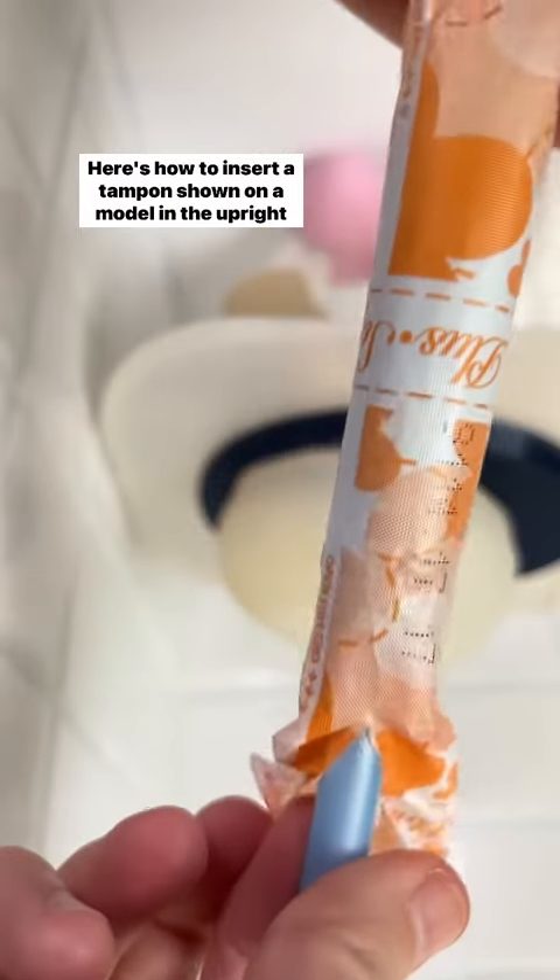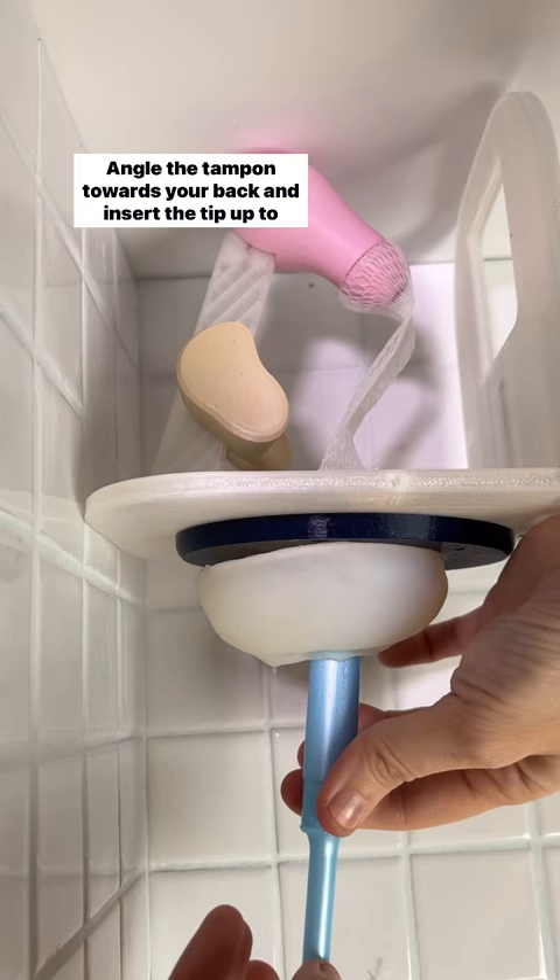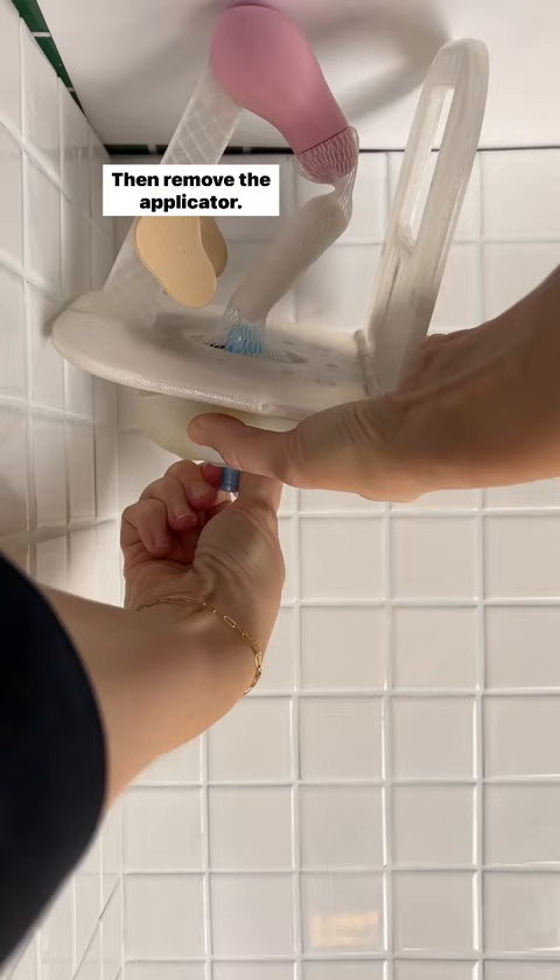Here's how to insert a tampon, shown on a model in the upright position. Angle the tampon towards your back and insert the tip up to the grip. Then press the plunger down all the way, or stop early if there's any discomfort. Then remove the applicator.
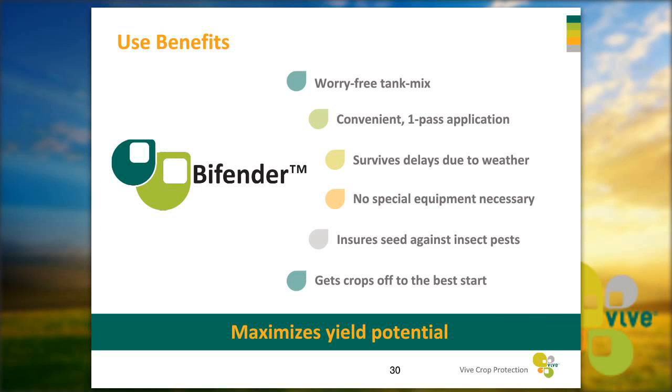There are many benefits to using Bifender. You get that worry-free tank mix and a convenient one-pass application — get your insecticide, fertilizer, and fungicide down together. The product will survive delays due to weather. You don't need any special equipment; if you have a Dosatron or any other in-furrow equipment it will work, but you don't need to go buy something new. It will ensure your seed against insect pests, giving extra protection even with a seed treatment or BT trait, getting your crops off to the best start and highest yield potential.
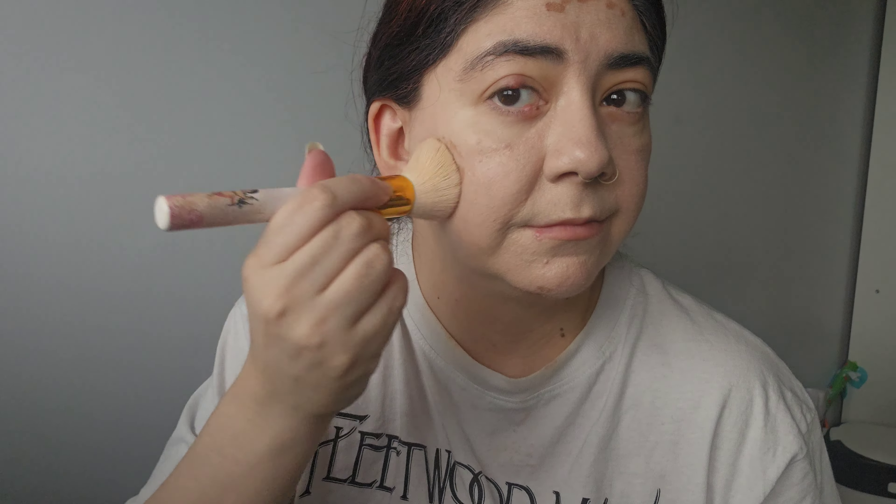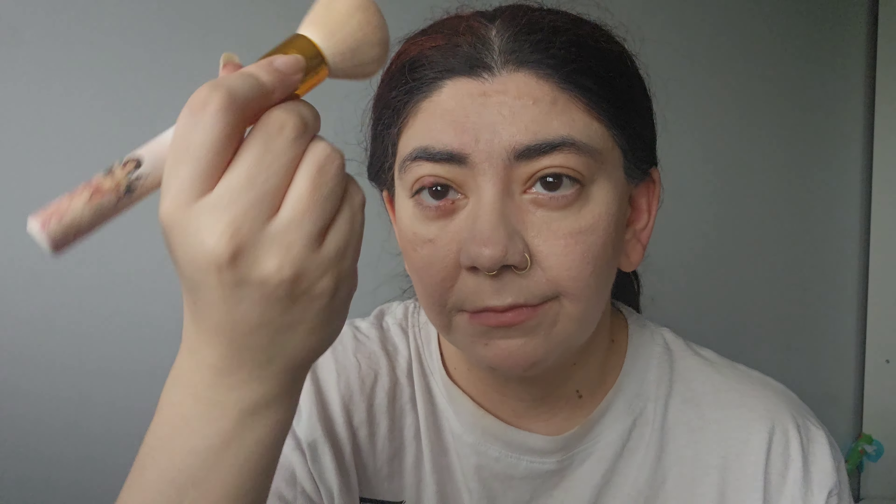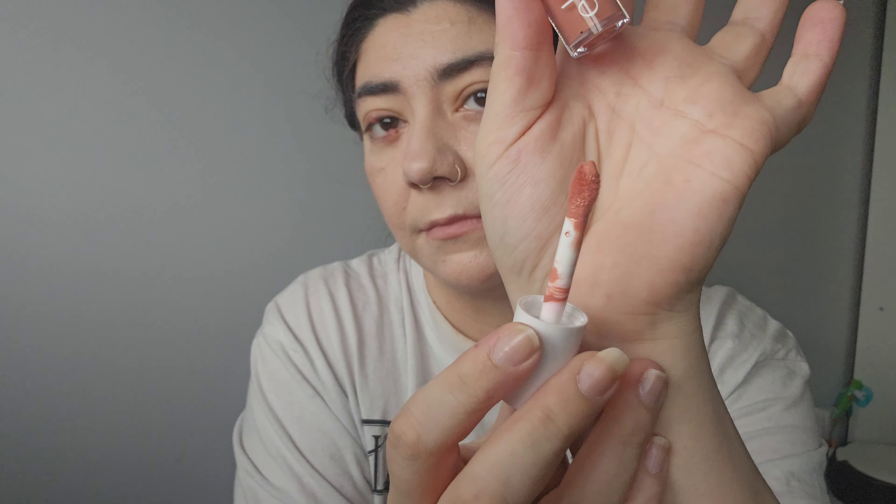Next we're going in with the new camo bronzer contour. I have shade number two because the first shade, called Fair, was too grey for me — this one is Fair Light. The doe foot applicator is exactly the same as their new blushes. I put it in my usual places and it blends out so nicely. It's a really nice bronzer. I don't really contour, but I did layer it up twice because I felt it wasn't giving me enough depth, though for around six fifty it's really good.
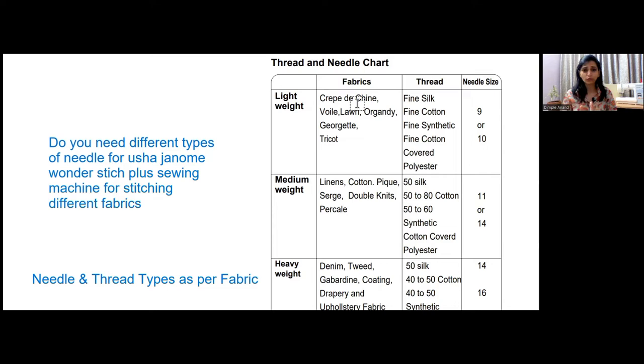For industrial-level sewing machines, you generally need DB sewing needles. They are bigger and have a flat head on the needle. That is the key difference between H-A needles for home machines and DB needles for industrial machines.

...

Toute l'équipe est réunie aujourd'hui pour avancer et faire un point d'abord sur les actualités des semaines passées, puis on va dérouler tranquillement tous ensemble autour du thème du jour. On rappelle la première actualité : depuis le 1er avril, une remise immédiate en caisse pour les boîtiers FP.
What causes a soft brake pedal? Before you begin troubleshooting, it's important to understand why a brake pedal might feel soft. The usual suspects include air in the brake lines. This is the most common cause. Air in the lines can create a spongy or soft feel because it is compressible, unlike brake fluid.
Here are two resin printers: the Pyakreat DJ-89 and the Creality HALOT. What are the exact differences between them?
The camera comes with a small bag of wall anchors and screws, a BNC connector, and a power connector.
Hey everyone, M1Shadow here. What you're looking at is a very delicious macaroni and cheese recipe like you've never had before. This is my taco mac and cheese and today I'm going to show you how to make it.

==

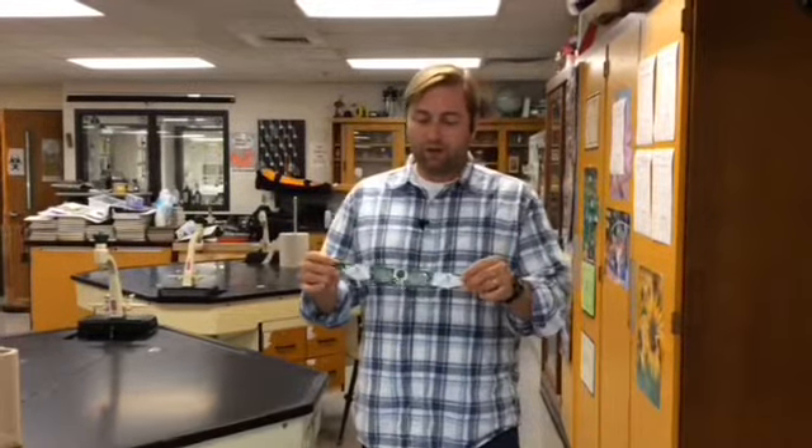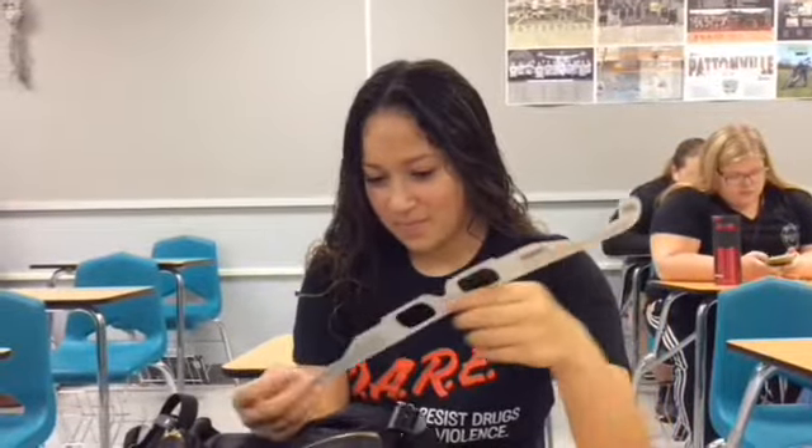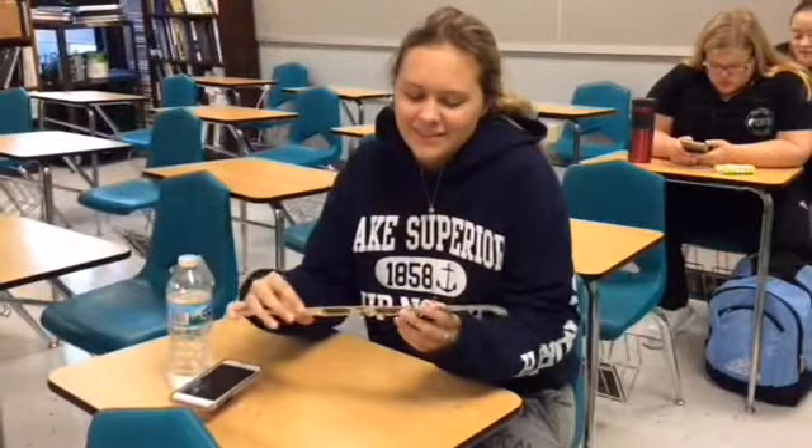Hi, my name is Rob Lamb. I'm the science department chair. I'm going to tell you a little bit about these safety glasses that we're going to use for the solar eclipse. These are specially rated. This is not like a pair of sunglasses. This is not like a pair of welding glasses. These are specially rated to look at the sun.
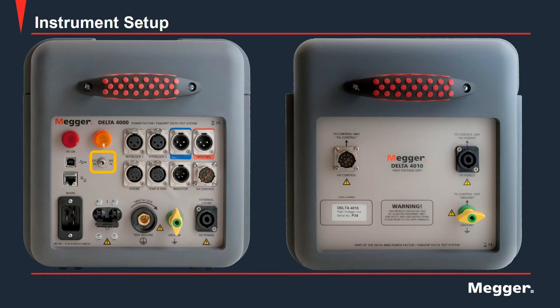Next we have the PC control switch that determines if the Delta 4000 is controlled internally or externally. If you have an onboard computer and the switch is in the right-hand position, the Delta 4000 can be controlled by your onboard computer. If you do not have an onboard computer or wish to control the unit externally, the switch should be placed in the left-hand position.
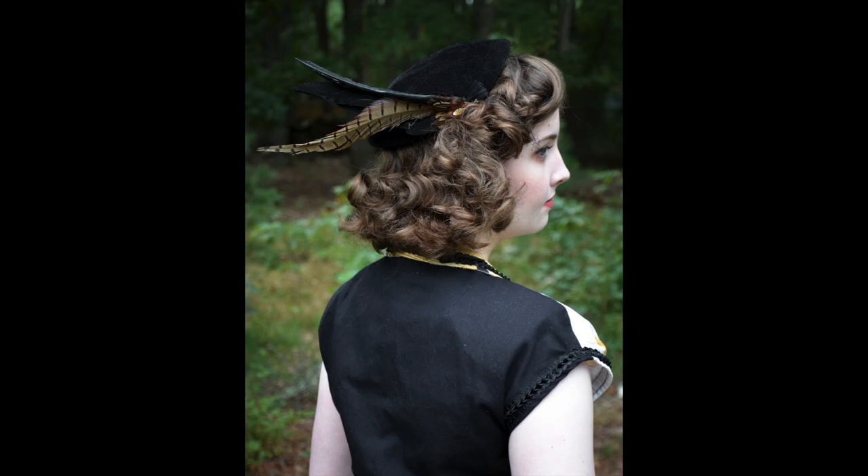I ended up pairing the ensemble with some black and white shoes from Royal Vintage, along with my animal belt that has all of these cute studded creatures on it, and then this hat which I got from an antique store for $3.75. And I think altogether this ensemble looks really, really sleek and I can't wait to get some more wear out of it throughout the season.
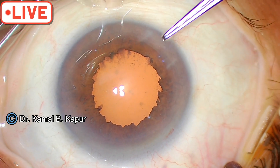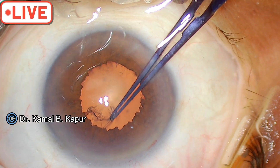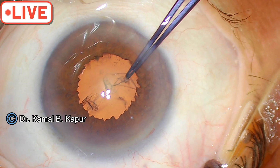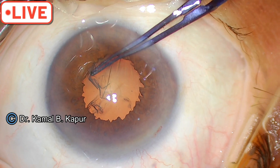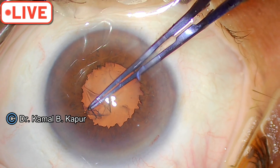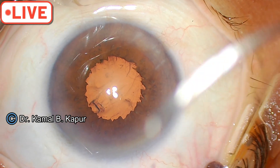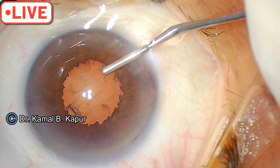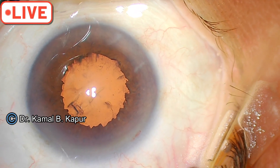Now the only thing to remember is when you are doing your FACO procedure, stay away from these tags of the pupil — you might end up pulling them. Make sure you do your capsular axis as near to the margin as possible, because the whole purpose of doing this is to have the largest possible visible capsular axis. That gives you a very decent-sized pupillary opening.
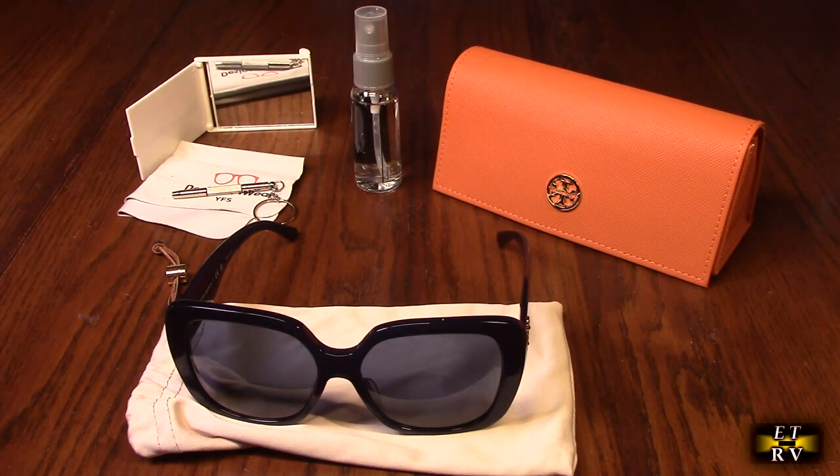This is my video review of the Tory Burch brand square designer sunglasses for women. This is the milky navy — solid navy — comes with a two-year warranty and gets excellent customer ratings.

*WHAT THE TASK ASKS*
With the pictures omitted, restate word for word the lines above from the line that has "Now the only" up to and including the line that has "This is my video", and no other lines.

*ANSWER FOR THIS EXERCISE*
Now the only thing to remember is when you are doing your FACO procedure, stay away from these tags of the pupil — you might end up pulling them. Make sure you do your capsular axis as near to the margin as possible, because the whole purpose of doing this is to have the largest possible visible capsular axis. That gives you a very decent-sized pupillary opening.
This is my video review of the Tory Burch brand square designer sunglasses for women. This is the milky navy — solid navy — comes with a two-year warranty and gets excellent customer ratings.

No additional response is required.